Can we be as grateful to the football lineman who must have been doing a good job while our eyes were on the end downfield?  Can the other players be as grateful?  I think not.  Only after the play is over will the running back notice that the guard's face is, off on the other side of the field, perhaps significantly in the mud.

Here is where America comes in.  Consider how this team sport which is a succession a glaringly exposed individual performances puts a man on the spot.  It is terrifying.  But we in America are drawn to this kind of terror.  We were gripped by the man on the spot in the TV isolation-booth, sweating out those terribly hard $64,000 questions.  Well, in baseball each player takes his turn in an isolation booth.  And that touches our nightmare, which is also our glory-dream.

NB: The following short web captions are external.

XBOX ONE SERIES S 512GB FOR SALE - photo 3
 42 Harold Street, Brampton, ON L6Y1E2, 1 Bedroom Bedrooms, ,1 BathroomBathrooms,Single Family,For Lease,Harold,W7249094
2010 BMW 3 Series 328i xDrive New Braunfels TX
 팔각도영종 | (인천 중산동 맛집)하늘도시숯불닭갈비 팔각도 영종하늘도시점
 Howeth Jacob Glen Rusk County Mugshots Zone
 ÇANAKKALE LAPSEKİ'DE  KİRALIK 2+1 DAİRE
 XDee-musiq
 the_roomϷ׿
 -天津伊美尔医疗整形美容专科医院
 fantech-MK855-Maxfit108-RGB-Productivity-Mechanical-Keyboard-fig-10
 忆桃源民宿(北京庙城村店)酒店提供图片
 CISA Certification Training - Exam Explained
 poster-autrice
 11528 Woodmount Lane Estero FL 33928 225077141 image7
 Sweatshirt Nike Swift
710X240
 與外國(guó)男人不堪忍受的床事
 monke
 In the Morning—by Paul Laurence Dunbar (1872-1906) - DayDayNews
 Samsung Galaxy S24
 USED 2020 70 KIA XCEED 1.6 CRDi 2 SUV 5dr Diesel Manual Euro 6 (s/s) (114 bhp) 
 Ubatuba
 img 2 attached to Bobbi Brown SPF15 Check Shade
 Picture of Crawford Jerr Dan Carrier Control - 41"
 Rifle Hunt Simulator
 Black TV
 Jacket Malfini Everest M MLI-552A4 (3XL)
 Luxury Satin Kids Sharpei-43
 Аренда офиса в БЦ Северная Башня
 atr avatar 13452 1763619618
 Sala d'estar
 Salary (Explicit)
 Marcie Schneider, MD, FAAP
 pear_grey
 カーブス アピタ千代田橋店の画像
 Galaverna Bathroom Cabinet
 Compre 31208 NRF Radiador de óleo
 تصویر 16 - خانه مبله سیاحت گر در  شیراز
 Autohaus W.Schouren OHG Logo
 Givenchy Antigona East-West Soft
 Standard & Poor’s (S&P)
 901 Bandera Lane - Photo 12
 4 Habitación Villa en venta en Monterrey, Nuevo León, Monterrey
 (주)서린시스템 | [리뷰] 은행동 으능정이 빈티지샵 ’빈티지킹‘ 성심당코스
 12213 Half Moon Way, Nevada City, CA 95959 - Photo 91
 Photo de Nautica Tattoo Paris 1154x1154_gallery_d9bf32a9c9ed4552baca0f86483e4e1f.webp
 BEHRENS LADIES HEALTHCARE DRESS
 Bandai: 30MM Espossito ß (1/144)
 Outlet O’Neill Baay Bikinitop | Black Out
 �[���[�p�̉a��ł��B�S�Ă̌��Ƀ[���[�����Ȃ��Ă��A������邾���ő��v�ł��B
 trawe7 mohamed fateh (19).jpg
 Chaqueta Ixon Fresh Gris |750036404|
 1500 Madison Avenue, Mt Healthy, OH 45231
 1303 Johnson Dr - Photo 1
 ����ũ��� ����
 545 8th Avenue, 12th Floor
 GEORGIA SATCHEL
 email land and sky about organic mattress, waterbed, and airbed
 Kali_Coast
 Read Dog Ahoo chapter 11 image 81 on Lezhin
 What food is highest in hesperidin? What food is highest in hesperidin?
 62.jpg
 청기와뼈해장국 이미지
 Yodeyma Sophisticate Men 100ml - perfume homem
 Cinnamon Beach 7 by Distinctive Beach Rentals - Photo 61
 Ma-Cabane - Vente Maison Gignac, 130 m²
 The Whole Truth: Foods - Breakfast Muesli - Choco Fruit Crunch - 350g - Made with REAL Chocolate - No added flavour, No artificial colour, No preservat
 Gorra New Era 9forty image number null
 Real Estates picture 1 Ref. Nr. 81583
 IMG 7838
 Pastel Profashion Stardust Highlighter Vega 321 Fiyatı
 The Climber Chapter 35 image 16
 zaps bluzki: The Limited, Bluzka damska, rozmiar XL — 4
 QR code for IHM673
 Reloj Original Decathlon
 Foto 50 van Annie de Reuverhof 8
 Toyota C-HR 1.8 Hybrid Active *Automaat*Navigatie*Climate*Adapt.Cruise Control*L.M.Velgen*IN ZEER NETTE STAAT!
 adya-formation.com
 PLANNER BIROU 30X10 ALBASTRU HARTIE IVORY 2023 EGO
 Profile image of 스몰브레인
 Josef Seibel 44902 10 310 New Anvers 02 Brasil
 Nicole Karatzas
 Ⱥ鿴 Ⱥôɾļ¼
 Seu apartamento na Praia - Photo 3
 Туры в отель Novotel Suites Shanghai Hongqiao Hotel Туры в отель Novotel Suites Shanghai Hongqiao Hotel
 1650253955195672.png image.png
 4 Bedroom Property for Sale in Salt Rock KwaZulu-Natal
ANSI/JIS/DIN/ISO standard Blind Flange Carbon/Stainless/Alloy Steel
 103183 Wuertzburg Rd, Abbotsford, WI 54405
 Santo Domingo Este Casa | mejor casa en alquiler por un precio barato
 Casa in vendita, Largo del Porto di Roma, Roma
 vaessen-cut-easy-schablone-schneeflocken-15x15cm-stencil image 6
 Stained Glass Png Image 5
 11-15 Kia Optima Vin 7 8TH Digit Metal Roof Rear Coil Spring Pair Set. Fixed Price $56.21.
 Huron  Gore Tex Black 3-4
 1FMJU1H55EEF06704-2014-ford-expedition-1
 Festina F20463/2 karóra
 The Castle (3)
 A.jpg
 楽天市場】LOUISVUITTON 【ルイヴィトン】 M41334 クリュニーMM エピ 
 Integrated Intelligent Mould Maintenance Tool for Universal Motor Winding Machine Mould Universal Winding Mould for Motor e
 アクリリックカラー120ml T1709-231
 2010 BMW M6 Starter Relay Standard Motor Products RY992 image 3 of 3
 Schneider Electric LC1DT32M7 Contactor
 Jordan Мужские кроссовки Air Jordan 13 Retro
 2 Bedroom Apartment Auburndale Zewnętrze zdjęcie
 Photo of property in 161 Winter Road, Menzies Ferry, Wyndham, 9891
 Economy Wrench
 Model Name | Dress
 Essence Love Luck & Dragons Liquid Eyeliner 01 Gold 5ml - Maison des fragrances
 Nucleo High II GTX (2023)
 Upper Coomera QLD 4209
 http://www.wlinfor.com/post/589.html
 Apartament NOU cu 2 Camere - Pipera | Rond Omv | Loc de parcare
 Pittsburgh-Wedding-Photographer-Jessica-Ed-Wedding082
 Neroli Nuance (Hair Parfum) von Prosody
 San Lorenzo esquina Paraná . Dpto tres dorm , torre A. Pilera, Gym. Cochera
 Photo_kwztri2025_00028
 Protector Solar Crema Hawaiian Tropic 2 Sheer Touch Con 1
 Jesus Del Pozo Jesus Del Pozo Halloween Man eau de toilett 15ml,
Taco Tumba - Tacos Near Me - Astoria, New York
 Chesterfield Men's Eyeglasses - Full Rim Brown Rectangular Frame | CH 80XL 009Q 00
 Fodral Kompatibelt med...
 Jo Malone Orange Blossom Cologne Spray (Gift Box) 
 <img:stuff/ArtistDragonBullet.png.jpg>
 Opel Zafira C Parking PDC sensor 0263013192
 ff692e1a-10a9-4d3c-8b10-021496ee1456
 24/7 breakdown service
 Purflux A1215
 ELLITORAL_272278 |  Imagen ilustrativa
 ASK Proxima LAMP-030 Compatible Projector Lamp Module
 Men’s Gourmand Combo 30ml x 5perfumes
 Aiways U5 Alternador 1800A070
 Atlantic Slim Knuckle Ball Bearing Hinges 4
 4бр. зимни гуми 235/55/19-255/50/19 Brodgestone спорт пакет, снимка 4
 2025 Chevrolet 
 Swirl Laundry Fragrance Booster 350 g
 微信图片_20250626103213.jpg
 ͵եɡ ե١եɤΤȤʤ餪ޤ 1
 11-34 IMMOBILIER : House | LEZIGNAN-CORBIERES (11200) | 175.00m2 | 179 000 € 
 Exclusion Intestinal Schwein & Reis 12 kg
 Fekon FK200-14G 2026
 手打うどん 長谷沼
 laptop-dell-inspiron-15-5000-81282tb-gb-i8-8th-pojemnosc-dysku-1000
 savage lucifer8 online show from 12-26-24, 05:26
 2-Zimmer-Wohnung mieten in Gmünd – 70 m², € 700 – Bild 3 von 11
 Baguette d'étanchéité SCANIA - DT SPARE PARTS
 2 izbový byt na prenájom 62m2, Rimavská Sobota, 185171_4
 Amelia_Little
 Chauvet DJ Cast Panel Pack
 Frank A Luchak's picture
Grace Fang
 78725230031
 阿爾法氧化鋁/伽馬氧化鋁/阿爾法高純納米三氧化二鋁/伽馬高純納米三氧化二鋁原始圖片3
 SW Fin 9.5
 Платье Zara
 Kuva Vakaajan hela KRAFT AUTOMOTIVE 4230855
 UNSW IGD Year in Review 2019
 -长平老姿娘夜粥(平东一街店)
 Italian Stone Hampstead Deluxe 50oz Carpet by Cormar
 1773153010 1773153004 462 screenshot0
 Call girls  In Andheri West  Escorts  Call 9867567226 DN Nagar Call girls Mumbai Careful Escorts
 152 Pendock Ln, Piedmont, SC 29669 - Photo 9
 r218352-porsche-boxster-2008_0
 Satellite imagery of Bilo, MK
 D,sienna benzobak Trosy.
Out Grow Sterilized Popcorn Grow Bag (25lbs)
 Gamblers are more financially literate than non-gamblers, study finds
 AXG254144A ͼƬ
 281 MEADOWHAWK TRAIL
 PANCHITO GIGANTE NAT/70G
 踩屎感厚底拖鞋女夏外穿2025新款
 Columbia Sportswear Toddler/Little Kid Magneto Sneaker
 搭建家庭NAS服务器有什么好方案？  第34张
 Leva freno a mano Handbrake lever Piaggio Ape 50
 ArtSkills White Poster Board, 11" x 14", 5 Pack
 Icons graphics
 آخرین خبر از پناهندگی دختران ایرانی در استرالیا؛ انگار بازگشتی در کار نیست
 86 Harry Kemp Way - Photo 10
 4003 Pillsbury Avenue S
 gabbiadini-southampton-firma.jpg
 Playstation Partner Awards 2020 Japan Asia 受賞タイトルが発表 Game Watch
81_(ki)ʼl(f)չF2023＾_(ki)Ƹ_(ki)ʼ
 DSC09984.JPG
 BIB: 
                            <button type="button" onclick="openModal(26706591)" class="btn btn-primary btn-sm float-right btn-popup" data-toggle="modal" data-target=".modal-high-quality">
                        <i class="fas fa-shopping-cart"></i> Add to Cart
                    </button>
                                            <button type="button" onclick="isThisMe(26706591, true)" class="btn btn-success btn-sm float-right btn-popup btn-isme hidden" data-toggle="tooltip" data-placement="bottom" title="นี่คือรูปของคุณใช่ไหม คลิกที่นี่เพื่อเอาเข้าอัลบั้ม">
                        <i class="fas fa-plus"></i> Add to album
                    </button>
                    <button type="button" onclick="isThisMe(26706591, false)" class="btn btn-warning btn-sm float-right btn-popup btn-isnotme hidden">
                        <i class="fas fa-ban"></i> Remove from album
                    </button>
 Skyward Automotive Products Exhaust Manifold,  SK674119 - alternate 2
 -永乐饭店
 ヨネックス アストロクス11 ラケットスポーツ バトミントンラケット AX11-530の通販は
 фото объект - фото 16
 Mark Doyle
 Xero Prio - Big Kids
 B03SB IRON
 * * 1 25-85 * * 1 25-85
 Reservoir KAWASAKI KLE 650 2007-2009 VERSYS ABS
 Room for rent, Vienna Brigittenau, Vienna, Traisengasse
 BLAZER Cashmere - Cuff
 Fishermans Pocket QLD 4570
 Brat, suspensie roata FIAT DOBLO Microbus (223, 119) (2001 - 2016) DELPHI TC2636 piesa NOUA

Does this focus on the individual diminish love and brotherhood, the thing we look for in a team sport?  No.  What it substitutes for shoulder-to-shoulder teamwork is sympathy, a brotherhood of the spirit that acknowledges essential human isolation.  We see this in the way baseball players call to each other across the spaces.  No sport's terms of encouragement are more tender.  "You're the one, Ron, you're the one.  Go get it, babee!"  It's an expression, I think, of what Stephen Spender called "all love's aidlessness."  They can't help each other so they make it up in rooting for each other.  When Gionfriddo goes back into the shadows of left-center field for DiMaggio's impossible drive there's nothing the eight other Dodgers can do but root for him.  But for a team, or a city, or a nation full of essential individualists, that is a great thing to do.